Le Guin advises that the writer read the exercise aloud, boldly and with feeling. I haven't, even though it's just me and the cats in the house, because I am at heart a Grade-A wuss. I mean: what if I heard myself? That would be terrible.
It isn't now and it isn't then, it isn't any kind of time at all except for running, so Lucy runs. She runs full pelt down the cinder path that follows the length of the alleyway behind the house, runs with a rock in her shoe; it hurts but she doesn't care, she runs, she runs and listens for the thing coming up behind her (although she knows that there's nothing at all behind her, not a thing, not yet). She'll run all day if she has to, run and run until it finally catches her up; she doesn't believe the boy has begun to chase her yet. She can picture him in her head if she squeezes her eyes shut: there he is, still squatting over the toad, poking it over and over with a stick, trying to make the dead thing jump. He probably doesn't care at all about her running off like that. It's hard to tell for certain that the boy cares about anything much, when it comes to it, the way he pokes and prods and shoves and goads the dead toad with the sharp end of his stick.
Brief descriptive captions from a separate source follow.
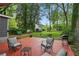 Inviting backyard with a spacious deck, lush greenery, mature trees, and outdoor seating at 1124 Larosa Sw Ter, Atlanta, GA 30310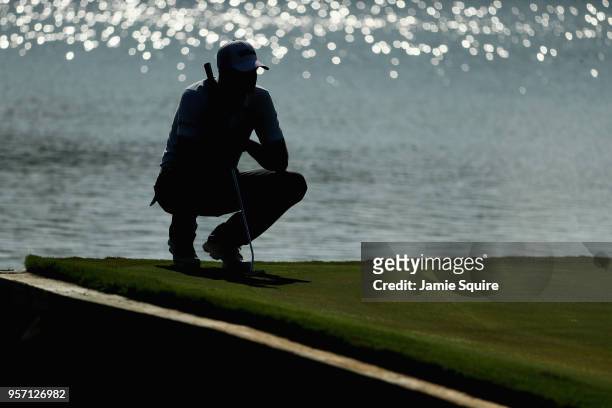 Brendan Steele of the United States lines up a putt on the 16th green during the first round of THE PLAYERS Championship on the Stadium Course at TPC...
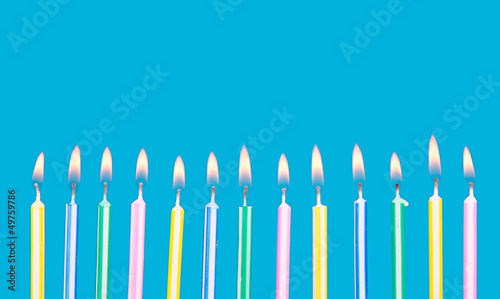 Photo: birthday candles in a row with flames birthday candles in a row with flames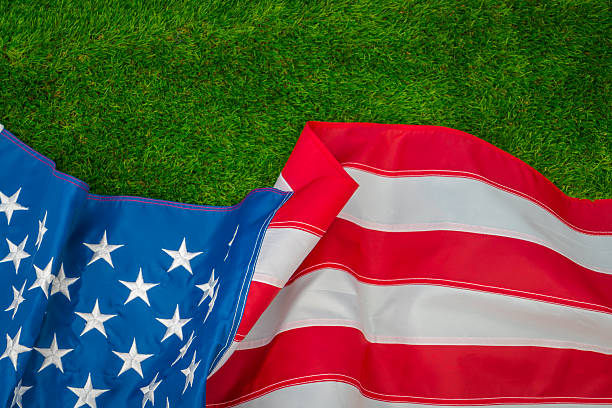 istock American flag on green grass 624898598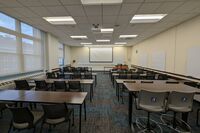 Front of room view with lectern on right in front of markerboard, screen lowered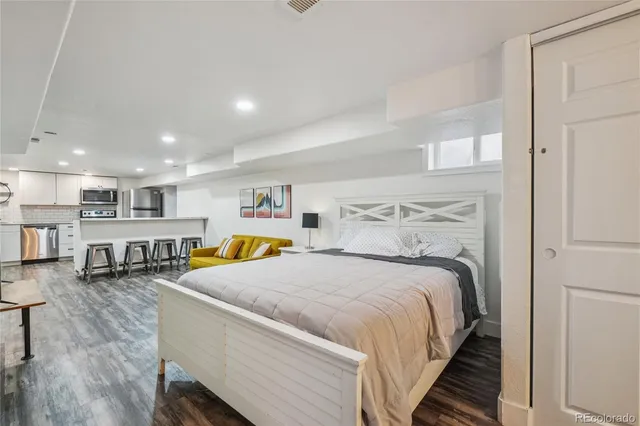 a spacious bedroom with a bed a table and potted plant on the table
Some blood came out of the toad the first time he poked it, red blood just like a person's blood-- it had been an accident of course, the toad was already dead of course-- but Lucy had screamed and now she runs and even though she can see him in her head still squatting, not moving, she knows he'll catch up soon. He always does. He'll catch up and then Lucy doesn't know what's going to happen next, but she means to be brave this time, she really does. When he catches her she'll turn, she'll stand firm with her feet planted wide on the path, her arms crossed, and she'll find out what. She'll find out, whether she likes it or not.
What I notice from this exercise is that I really seem to like sentences that run on, badabum badabum yadadum. I also like repetition, and sneaky rhymes.
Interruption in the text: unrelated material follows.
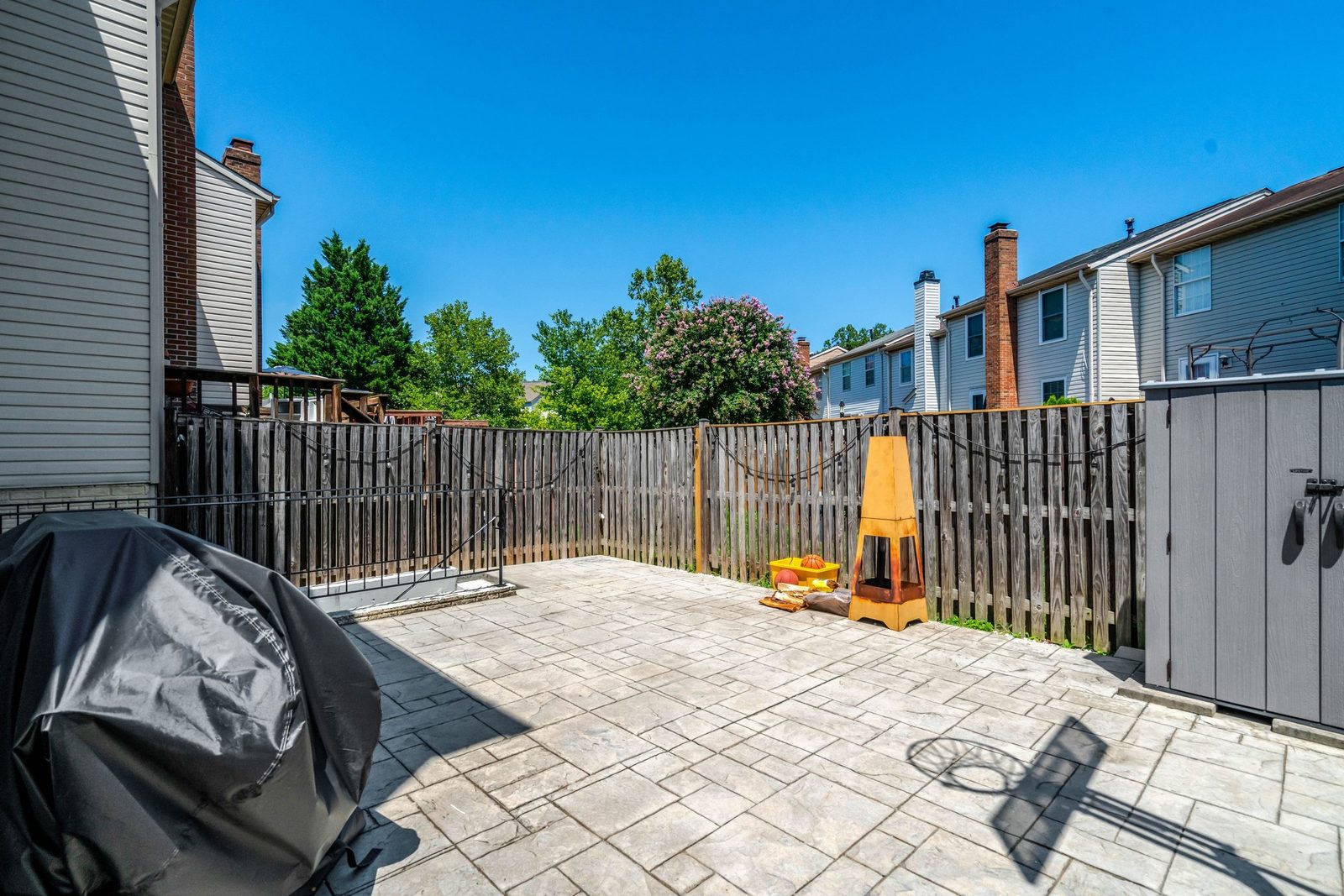 Stamped concrete patio enclosed by wood privacy fence with storage shed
If you'd like to try this exercise, too, please do: either right smack in the comments section of this post, or on your own blog. Did you also find it difficult to make a conscious use of sound? Or is it something that came naturally? Did something surprising happen for you in this exercise? Did it bring out something in your writing-- a voice, maybe, or a kind of sentence structure-- that you don't normally use? And what thoughts do you have on the whole notion of beginning from a sound, or a rhythm-- do your ears, too, have a mind of their own?
* Le Guin, Ursula K. Steering the Craft: Exercises and Discussions on Story Writing for the Lone Navigator or the Mutinous Crew. Portland: The Eighth Mountain Press, 1998. p. 26.